The output must start at the line containing "Cambron Covered Bridge, Madison" in the records below and stop at the last line, matching each line exactly and leaving out every picture.

*** Records for processing ***

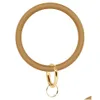 WRISTLET KEYCHAIN ​​CIRCLE Sile Bangle Key Ring Armband Hoop Keyring Fashion Women Gift SMycken Tillbehör FOB Drop Delivery DHD1T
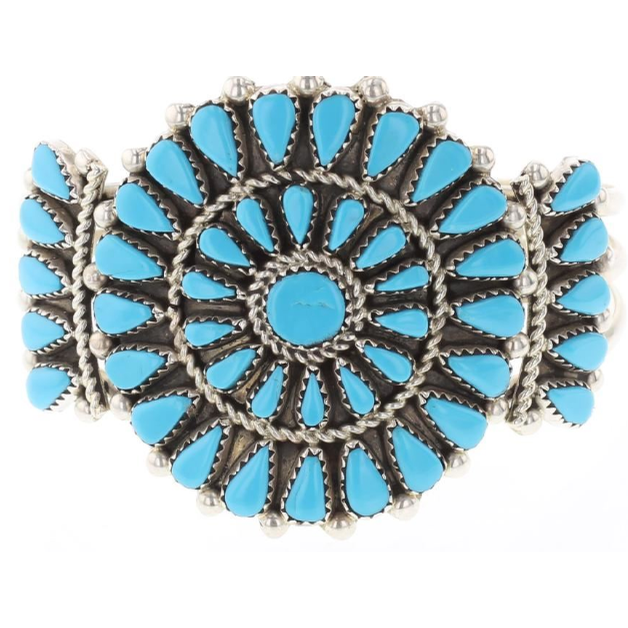 turquoise cluster bracelet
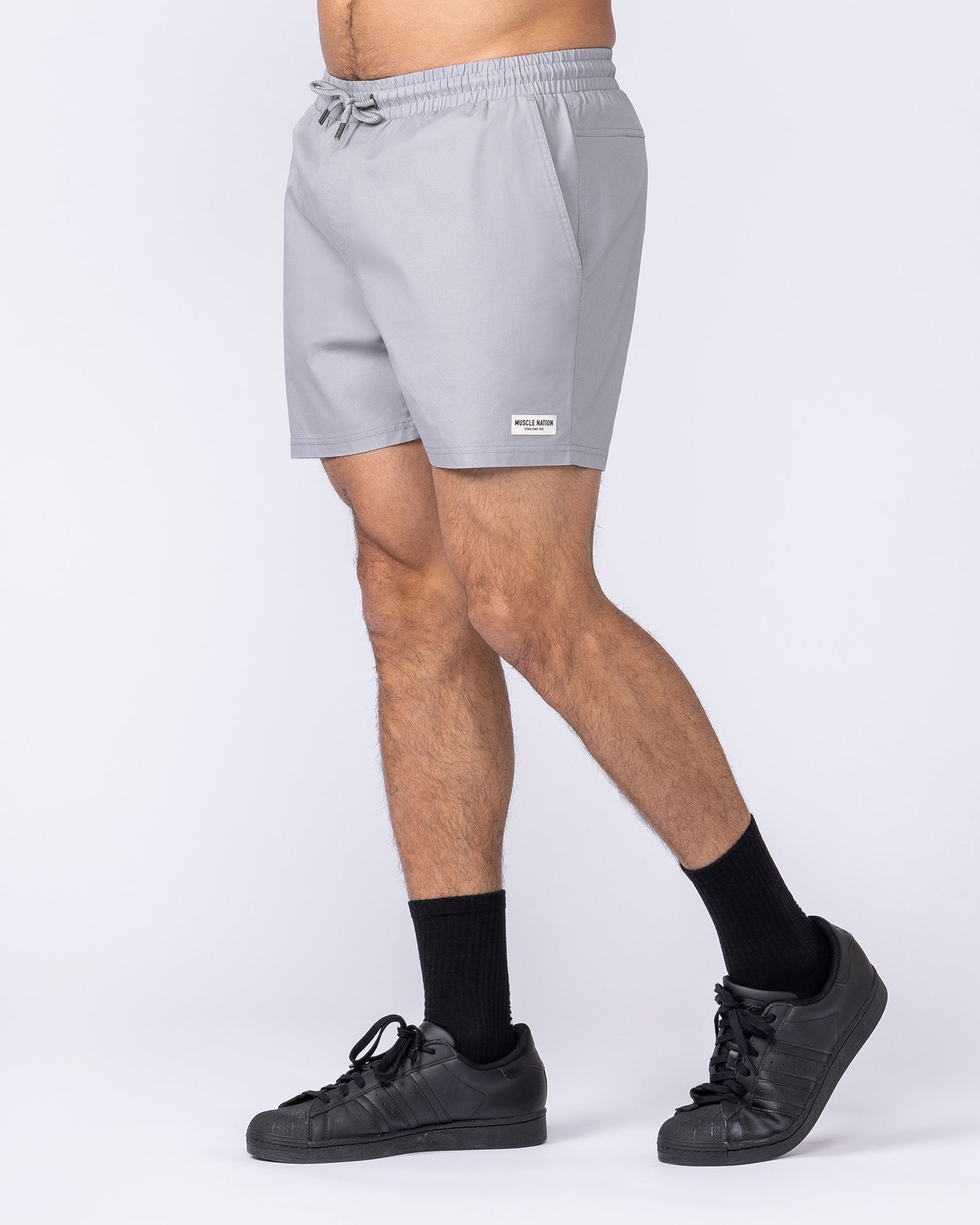 Daily 4" Shorts - Jet Grey-Shorts-S-1125164JETGRY-S-MNAPPRL46969-4-Muscle Nation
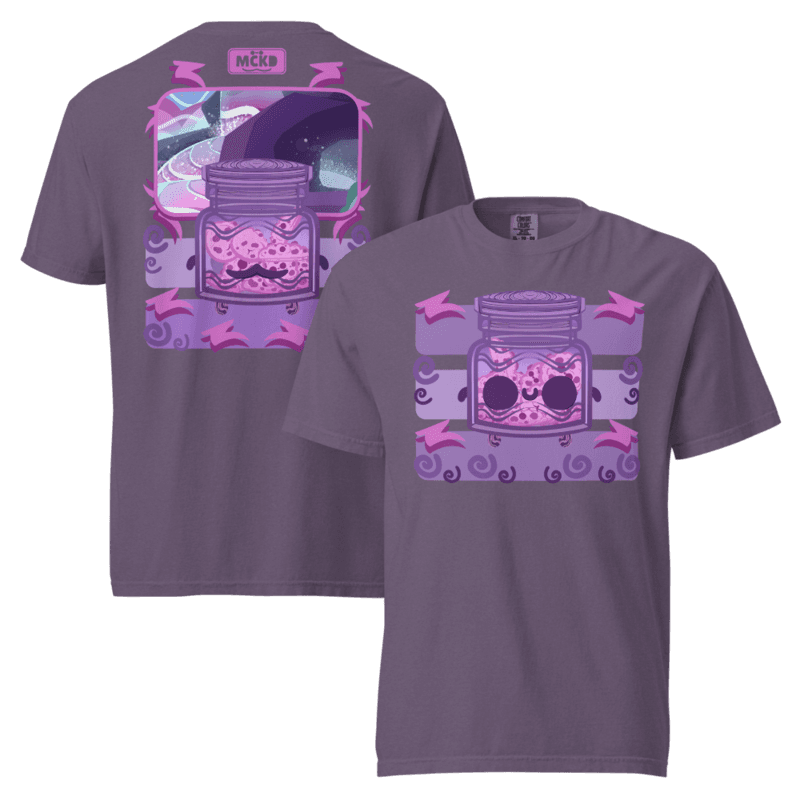 Cute and fun t-shirt with a dreamy pastel, kawaii aesthetic...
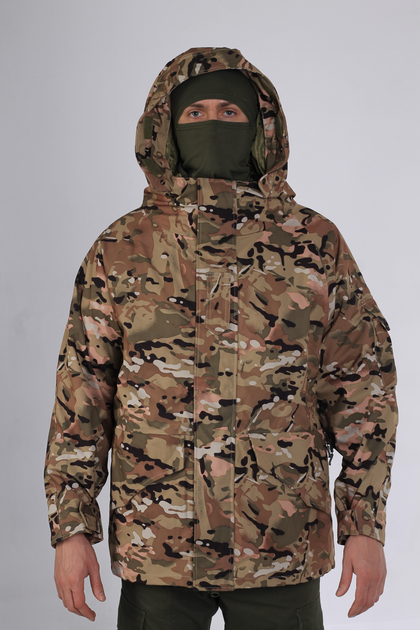 Військова тактична зимова куртка Softshell Мультикам S - зображення 1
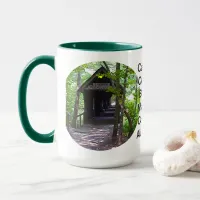 Cambron Covered Bridge, Madison County, Alabama Mug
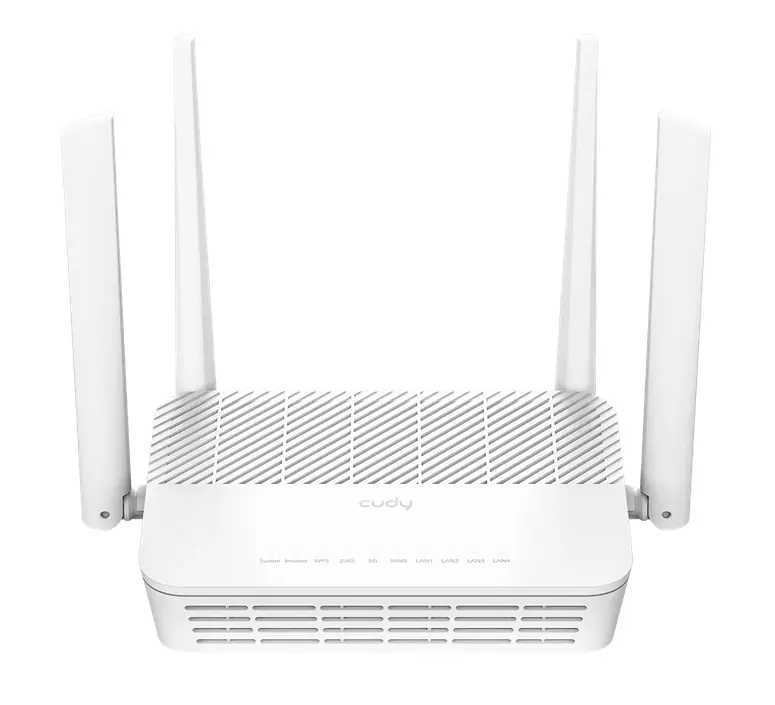 Рутер, Cudy WR3000H AX3000 2.5G Dual Band Wi-Fi 6 Mesh Router 2402Mbps at 5GHz + 574Mbps at 2.4GHz, 1 x 2.5G Port , 4 x 10/100/1000Mbps Ports Cudy Mesh Cudy APP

*** End of Records for processing ***

## Reply to the exercise:
 Cambron Covered Bridge, Madison County, Alabama Mug
 Рутер, Cudy WR3000H AX3000 2.5G Dual Band Wi-Fi 6 Mesh Router 2402Mbps at 5GHz + 574Mbps at 2.4GHz, 1 x 2.5G Port , 4 x 10/100/1000Mbps Ports Cudy Mesh Cudy APP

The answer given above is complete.